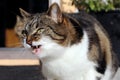 A small angry cat makes a funny face
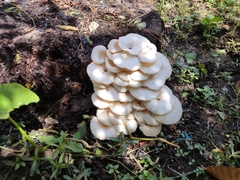 Lentinus squarrosulus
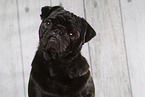 black pug in the studio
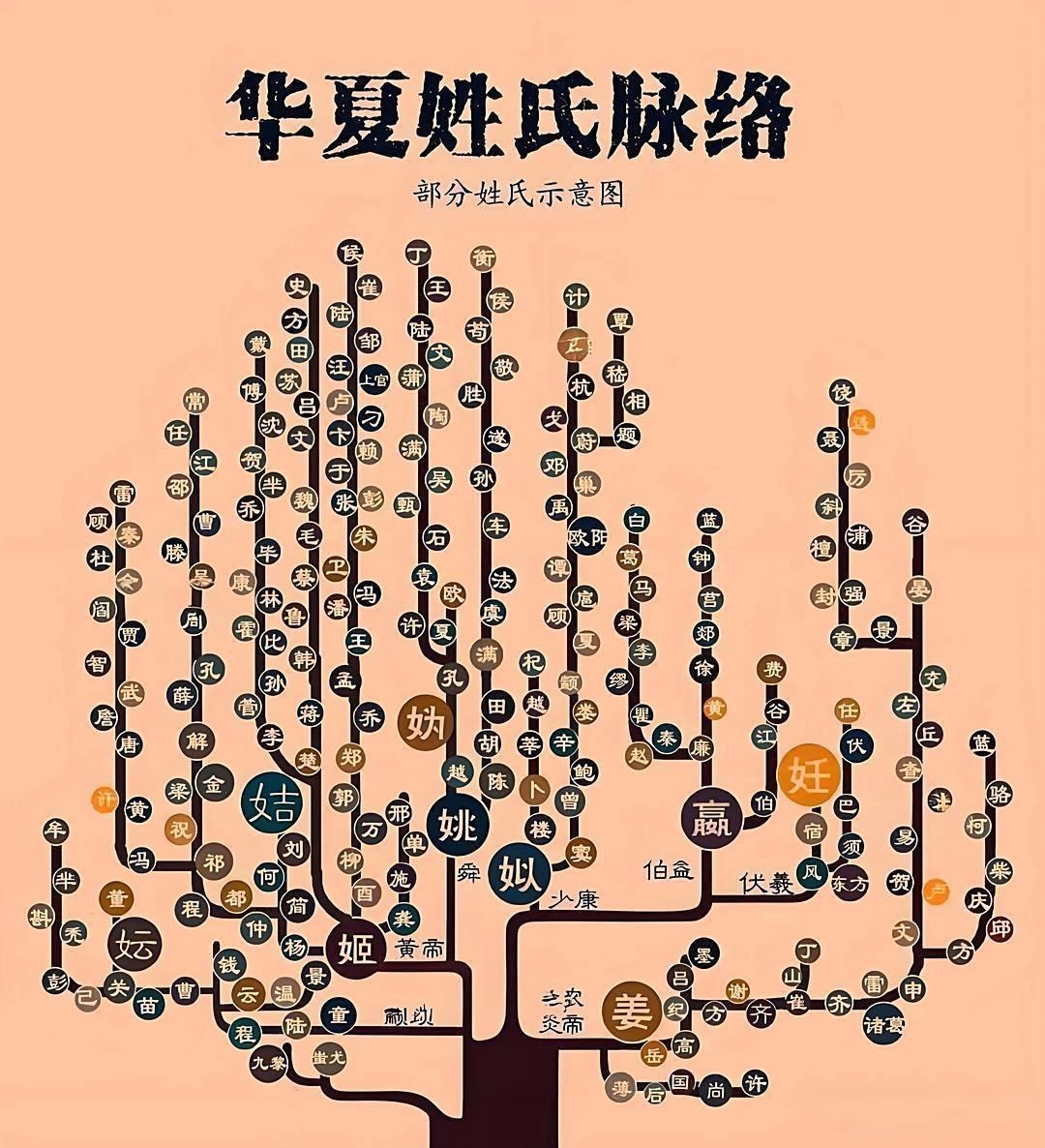 百家姓一共有多少个姓氏(百家姓一共有多少个姓氏?)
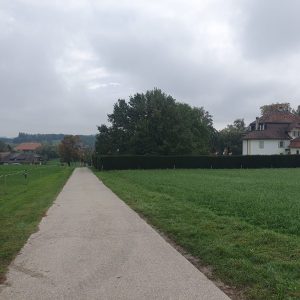 Torny son château ...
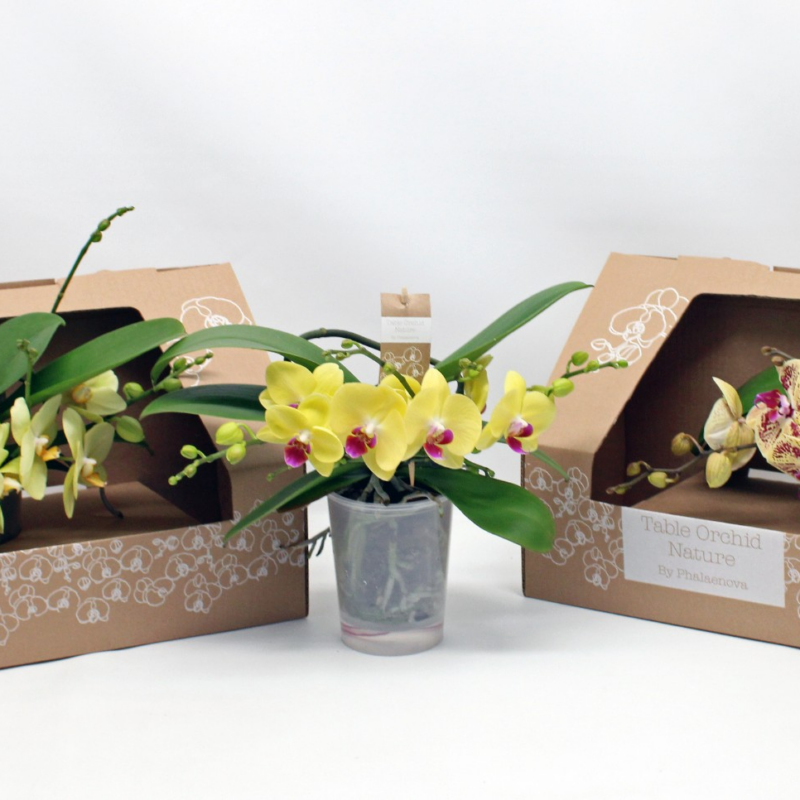 Phalaenopsis Table Orchid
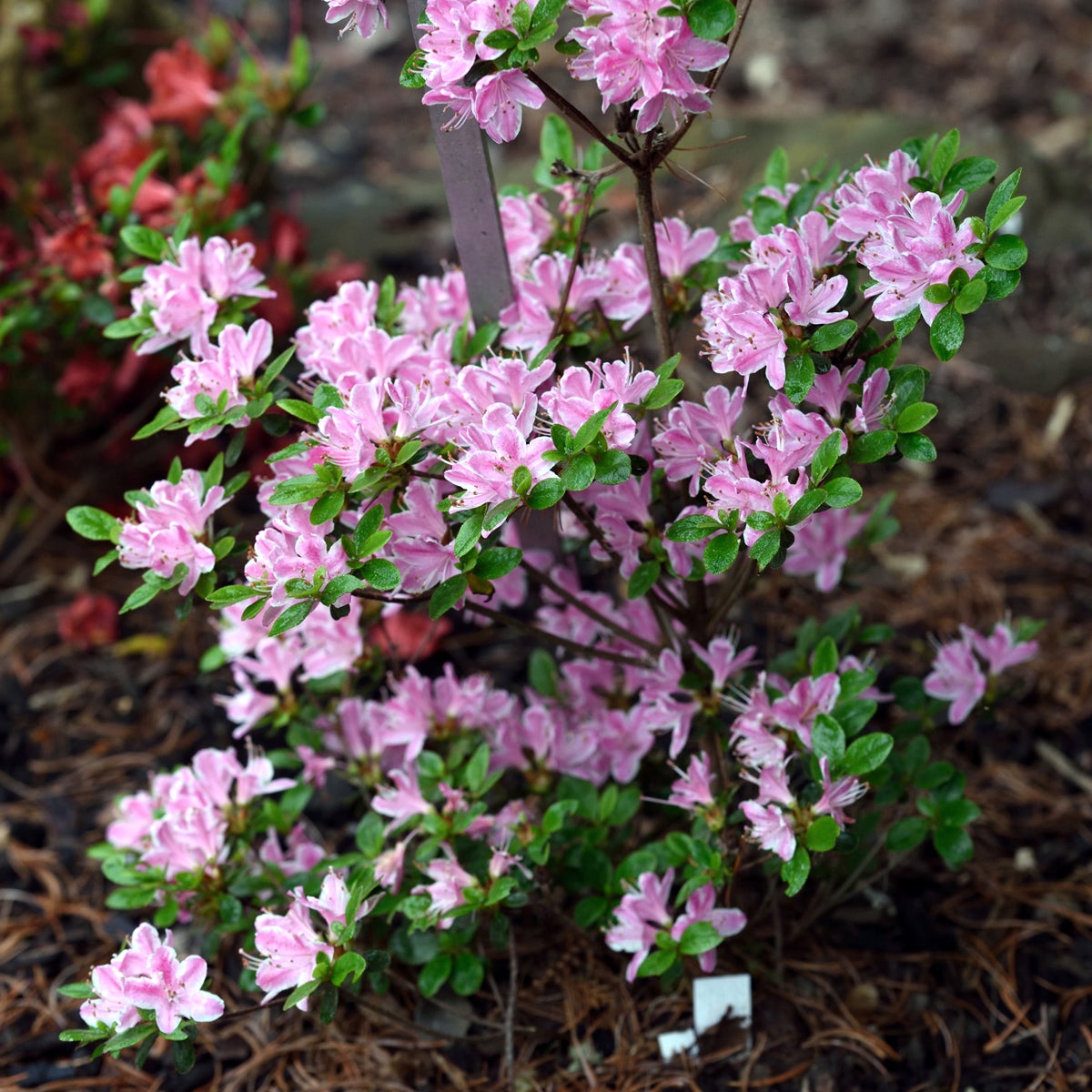 japansk azalea 'Kermesinum Rosé'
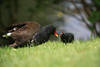 Teichhuhn-Küken bettelt um Futter beim Altvogel Rotschnabel süsses Vogelbaby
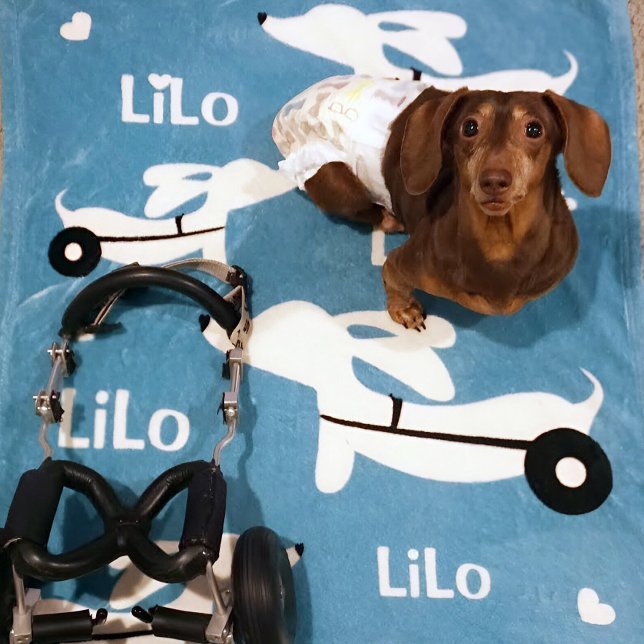 Couverture Polaire Dachshund IVDD fauteuil roulant pour Wheelie Doxie (Wheelie dachshund gift - cozy personalized wheelchair cart blanket)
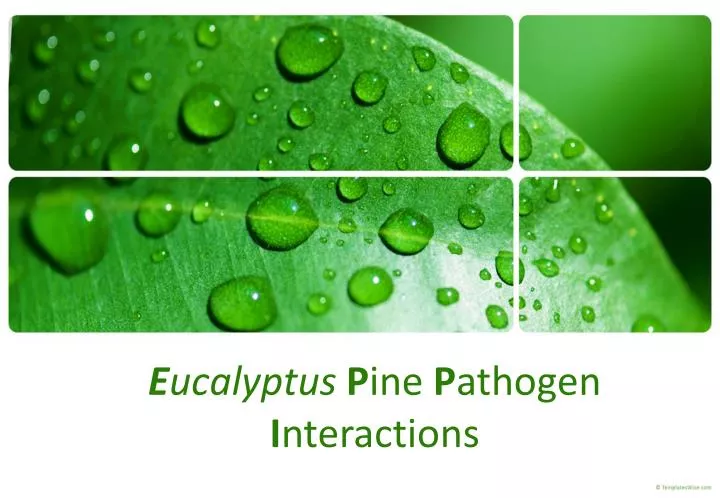 e ucalyptus p ine p athogen i nteractions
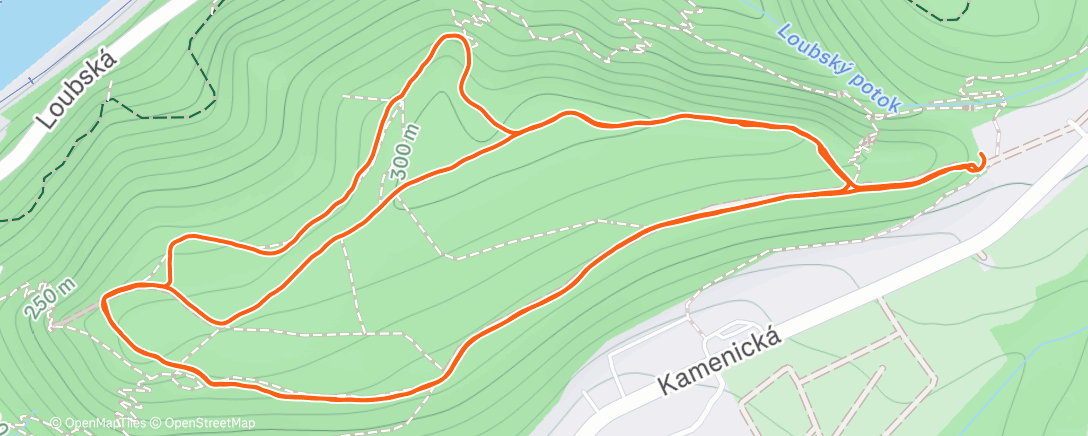 Map of the activity, Afternoon Run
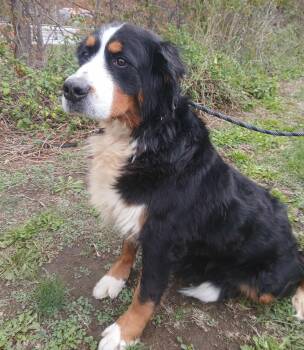 Rescue Bernese Mountain Dog Dogs for Adoption in Saint Clairsville, Ohio - Kelly | PetCurious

-- -- --

Work instructions:
The reply needs to repeat exactly the line containing "Teichhuhn-Küken bettelt um" and each line after it, through the final line of the entries above, and to skip the pictures.

Exercise result:
 Teichhuhn-Küken bettelt um Futter beim Altvogel Rotschnabel süsses Vogelbaby
 Couverture Polaire Dachshund IVDD fauteuil roulant pour Wheelie Doxie (Wheelie dachshund gift - cozy personalized wheelchair cart blanket)
 e ucalyptus p ine p athogen i nteractions
 Map of the activity, Afternoon Run
 Rescue Bernese Mountain Dog Dogs for Adoption in Saint Clairsville, Ohio - Kelly | PetCurious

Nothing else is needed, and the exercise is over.